▶ _THE DATA_:
>>>
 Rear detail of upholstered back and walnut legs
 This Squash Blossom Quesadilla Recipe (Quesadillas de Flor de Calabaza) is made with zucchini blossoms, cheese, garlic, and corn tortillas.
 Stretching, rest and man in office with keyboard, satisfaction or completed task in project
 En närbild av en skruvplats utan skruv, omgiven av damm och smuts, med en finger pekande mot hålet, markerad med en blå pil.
<<<
>>>
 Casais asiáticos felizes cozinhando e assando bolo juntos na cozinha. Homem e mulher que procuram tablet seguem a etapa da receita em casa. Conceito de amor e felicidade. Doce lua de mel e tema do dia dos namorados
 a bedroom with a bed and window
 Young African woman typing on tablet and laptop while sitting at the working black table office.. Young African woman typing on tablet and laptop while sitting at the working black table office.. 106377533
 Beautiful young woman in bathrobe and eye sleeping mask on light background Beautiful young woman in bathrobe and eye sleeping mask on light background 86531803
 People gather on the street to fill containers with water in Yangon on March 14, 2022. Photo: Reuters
<<<
▶ _TASK DESCRIPTION_: The required answer is the run of lines above, starting at the line with "Rear detail of" and ending at the line with "En närbild av", reproduced exactly with both ends.

▶ _SOLUTION TO THIS TASK_:
 Rear detail of upholstered back and walnut legs
 This Squash Blossom Quesadilla Recipe (Quesadillas de Flor de Calabaza) is made with zucchini blossoms, cheese, garlic, and corn tortillas.
 Stretching, rest and man in office with keyboard, satisfaction or completed task in project
 En närbild av en skruvplats utan skruv, omgiven av damm och smuts, med en finger pekande mot hålet, markerad med en blå pil.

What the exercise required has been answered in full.